Start of DATASET EXTRACT
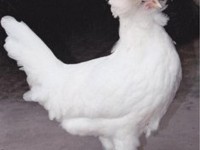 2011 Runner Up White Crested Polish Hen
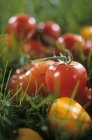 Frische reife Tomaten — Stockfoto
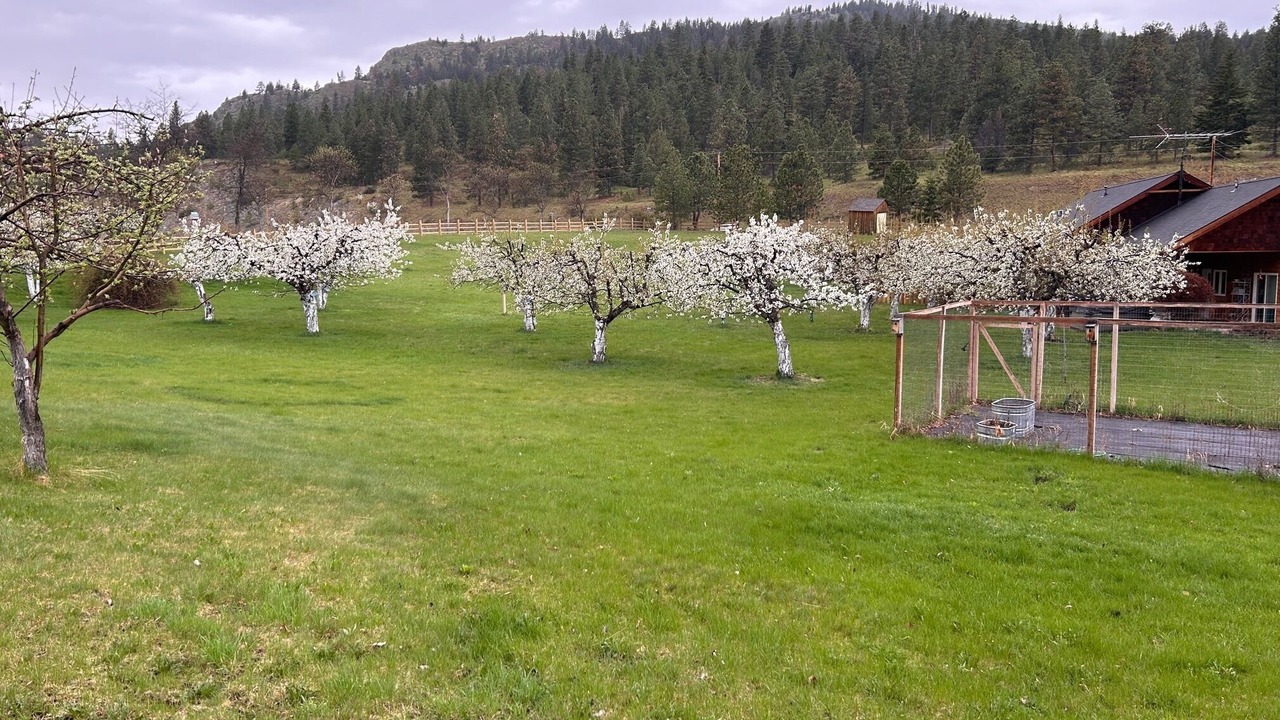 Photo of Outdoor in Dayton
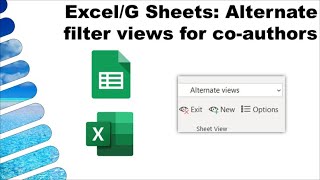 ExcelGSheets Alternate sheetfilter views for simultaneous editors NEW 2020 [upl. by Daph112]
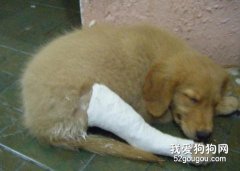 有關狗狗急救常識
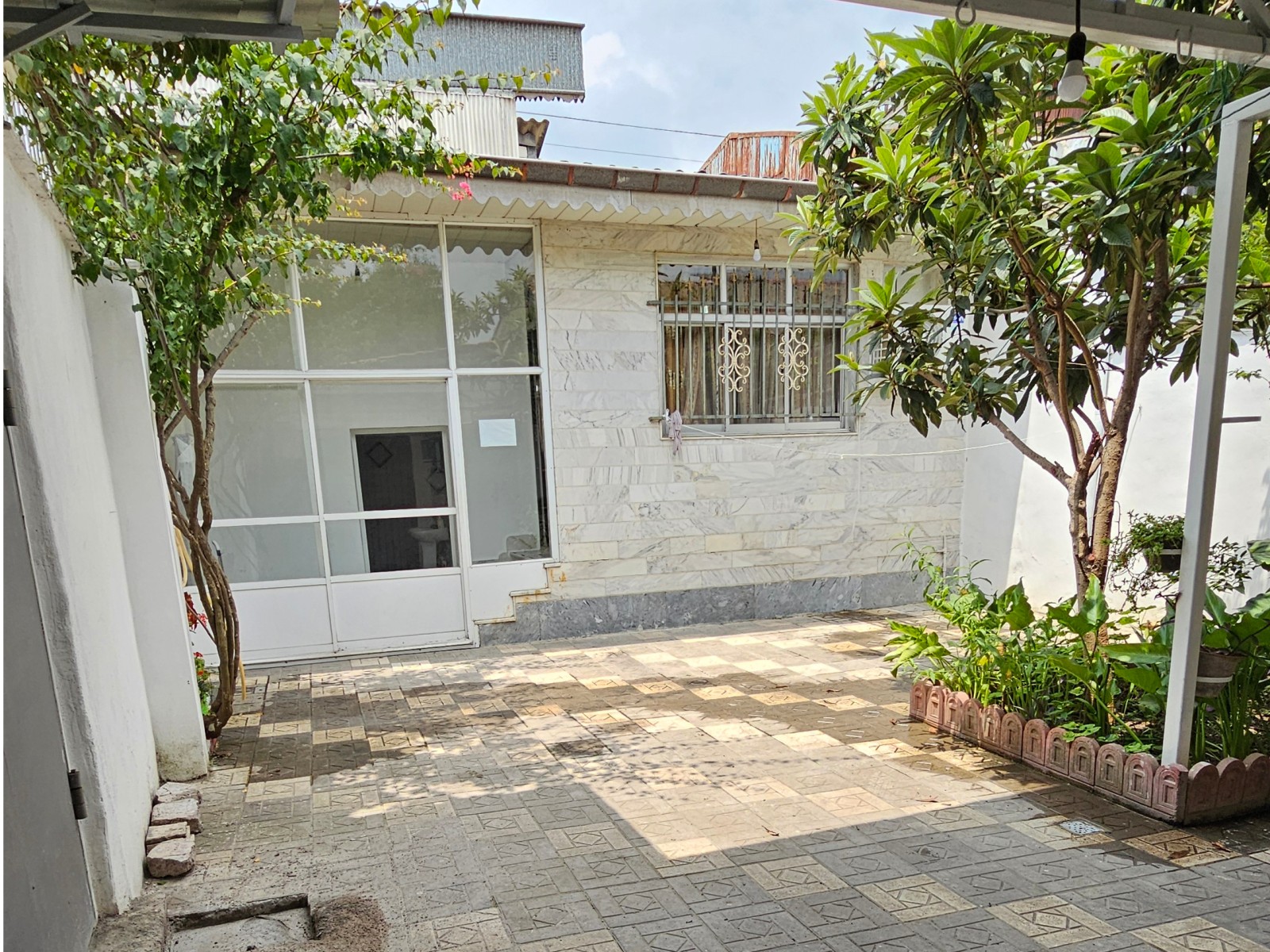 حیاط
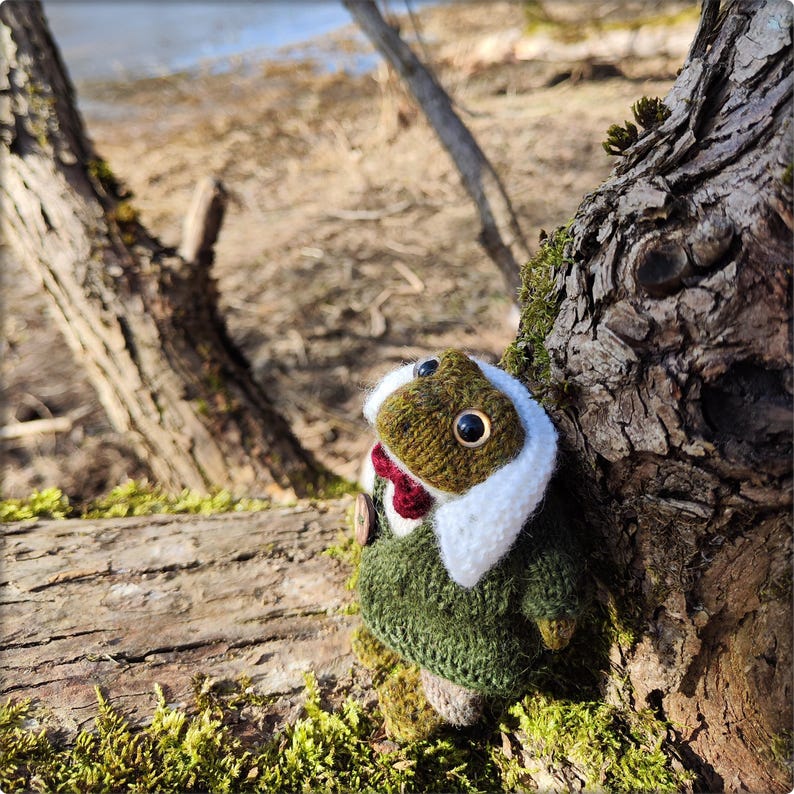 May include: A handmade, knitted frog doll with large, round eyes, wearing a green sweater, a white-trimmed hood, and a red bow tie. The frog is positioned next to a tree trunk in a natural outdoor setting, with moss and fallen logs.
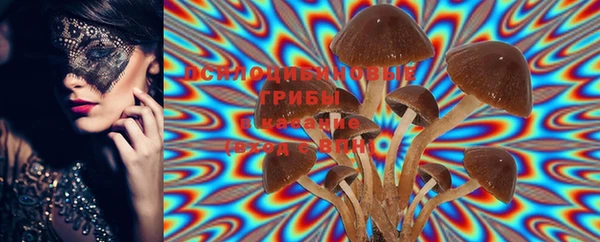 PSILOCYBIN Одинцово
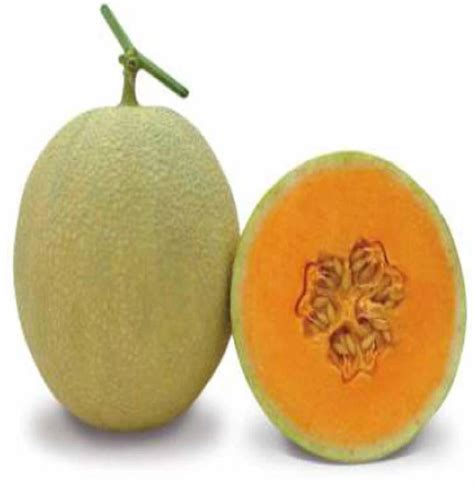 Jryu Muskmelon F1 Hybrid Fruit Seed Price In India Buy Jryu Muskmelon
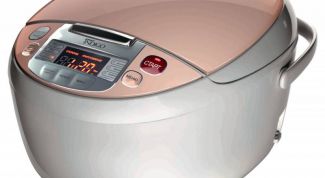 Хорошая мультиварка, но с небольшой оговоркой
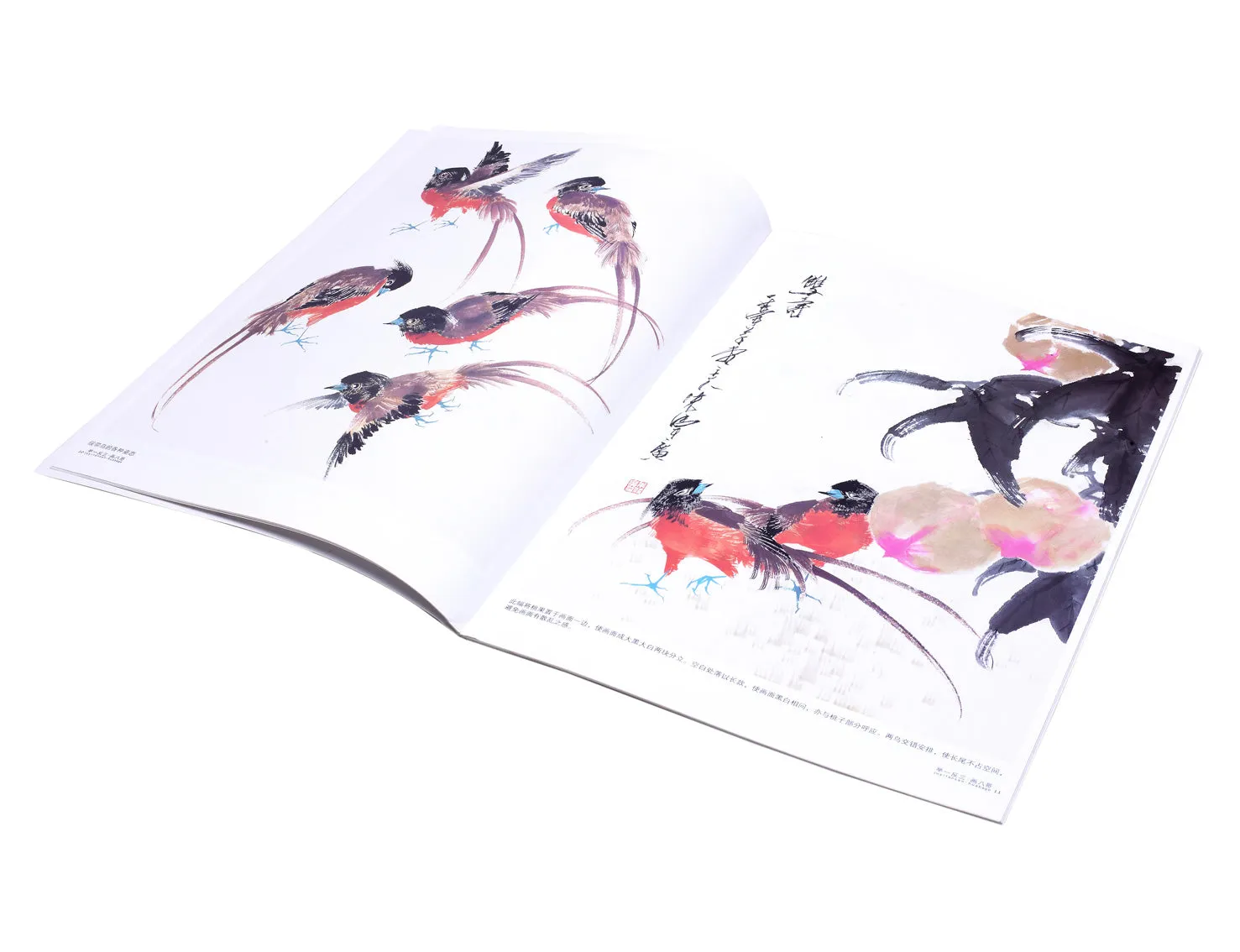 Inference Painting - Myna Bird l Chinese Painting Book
End of DATASET EXTRACT
* [ABOUT THIS EXERCISE] Leaving aside the images, write out the entries above word for word.

* [PROBLEM SOLUTION]
 2011 Runner Up White Crested Polish Hen
 Frische reife Tomaten — Stockfoto
 Photo of Outdoor in Dayton
 ExcelGSheets Alternate sheetfilter views for simultaneous editors NEW 2020 [upl. by Daph112]
 有關狗狗急救常識
 حیاط
 May include: A handmade, knitted frog doll with large, round eyes, wearing a green sweater, a white-trimmed hood, and a red bow tie. The frog is positioned next to a tree trunk in a natural outdoor setting, with moss and fallen logs.
 PSILOCYBIN Одинцово
 Jryu Muskmelon F1 Hybrid Fruit Seed Price In India Buy Jryu Muskmelon
 Хорошая мультиварка, но с небольшой оговоркой
 Inference Painting - Myna Bird l Chinese Painting Book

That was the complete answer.